The authentic taste of Porabari Chom Chom leads to Tangail
Bangladesh is a land of sweetmeats of many different tastes and flavours. Being a country that has quite an affinity for milk and dairy products, Bangladesh boasts some of the tastiest delicacies in the world when it comes to sweets, with each region of Bangladesh having its own trademark sweet.
One of the best-known sweets in the country is Pora Bari's Chom Chom from Tangail, an exquisite sweet rich in flavour and an absolute delight when being chomped on.
The item is well known throughout the country, with it being commonly featured among the go-to sweets that Bangladeshis take with them while visiting guests.
The sweetmeat has also somehow defined how a Chom Chom, one of the signature dishes to come out of the historic region of Bengal, should be. The sweet also has a lot of heritage. The tradition started about 200 years ago in the small and quaint village of Tangail named Pora Bari, which is situated right beside the river Dhaleshwari.
It is a popular legend that the rustic climate beside the river Dhaleshwari makes it an ideal place for making Chom Chom. And that's why the sweet makers believe that the sweet cannot be made to perfection in any region outside of Tangail, a myth that has remained to this day.
It is not exactly known who first initiated the making of these sweets; however, it is thought that a person named 'Dashorath' was responsible for creating this delicacy during British Rule. To this day, the 'Ghosh' and 'Pal' families of the village have been making these sweets, with the craft being passed down as a family heirloom.

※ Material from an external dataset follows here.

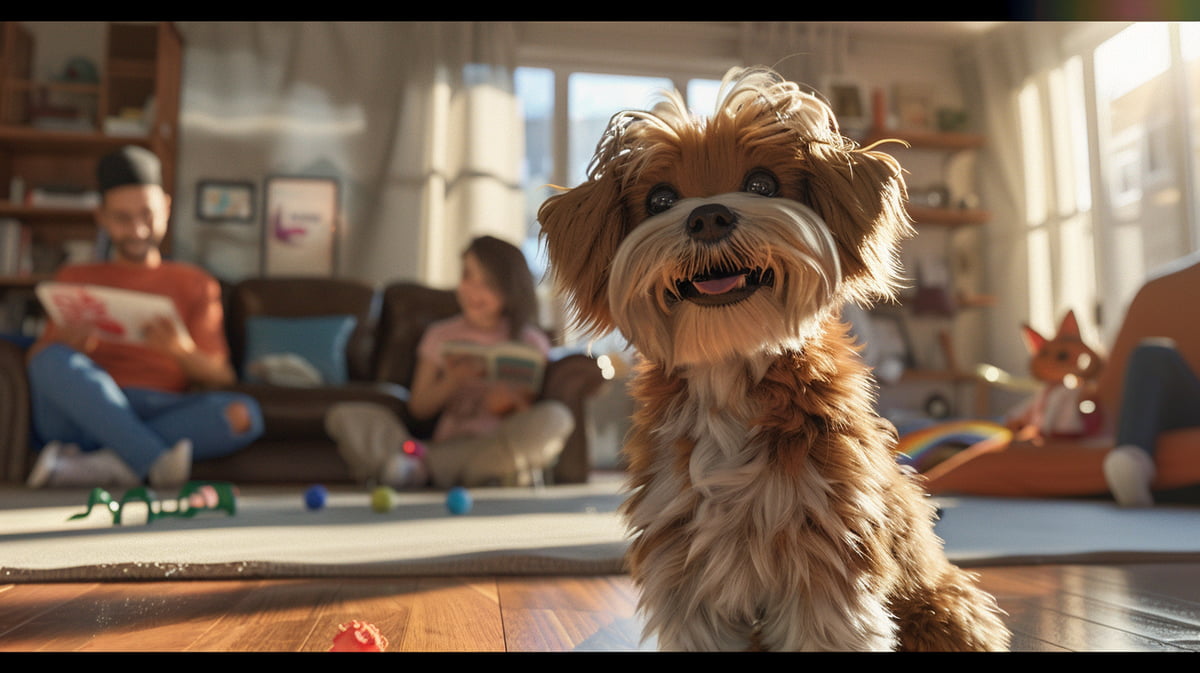 Small mixed breed dog with playful expression in cozy family living room with joyful members.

At present, there are 13 sweet-making factories in total, all of which are in Pora Bari Bazar and the surrounding areas, such as Charabari Bazar and Santosh. This place is associated with Maulana Abdul Hamid Khan Bhashani. Other than this, about 50 shops are selling Porabari Chom Choms in Tangail as a whole.
The main ingredients required for making these sweets are curdled milk, flour, and sugar. These ingredients are instrumental in bringing tenderness to the sweets, one of the defining features of the Porabari Chom Choms.
The Chom Choms are a bit reddish in colour, which separates them from other Chom Choms in the country, which are generally muddy brown in appearance.
About 15 kg of milk is steamed to get 'mawa,' which has an idiosyncratic taste. There is also a legend that the water from the Dhaleshwari River is used in the sweets; however, this is more likely to be among the series of myths associated with the sweets.
The village has long been a port, which explains the creation of the sweets to some extent because the village hosted several traders from ancient times. The village was also known to be a dairy hub in the past, facilitating the production of the Chom Chom; however, these heritages have been buried in the past.
As Tangail is situated near the capital, tasting the sweet meat from the original production places can be exciting for sweet lovers. To get an authentic taste, one has to visit the 'Panch Ani' bazaar, which is situated about 21 kilometres away from Tangail city. One can easily reach the sweet-making hub of 'Panch Ani' Bazar in a rickshaw after reaching Tangail City.
The city of Tangail also has a lot of decent places to stay overnight. Hence, if one wants to visit the city and spend a night to get the taste of the sweets and immerse themselves in the bewitching beauty of the Porabari village, there are many options. 'Hotel Al Faisal,' 'Bureau Hotel,' and 'Hotel Prince' are among the notable places when it comes to staying overnight in Tangail.
Porabari Chom Choms are among the intrinsic culinary heritages of Bangladesh, and the sweetmeat with such a unique taste should be preserved and propagated not only by the government but also by individuals on a private level.
However, some fraudulent businessmen tarnish the sweetmeat's name by using low-quality products; hence, people should be careful when identifying the original Porabari Chom Chom.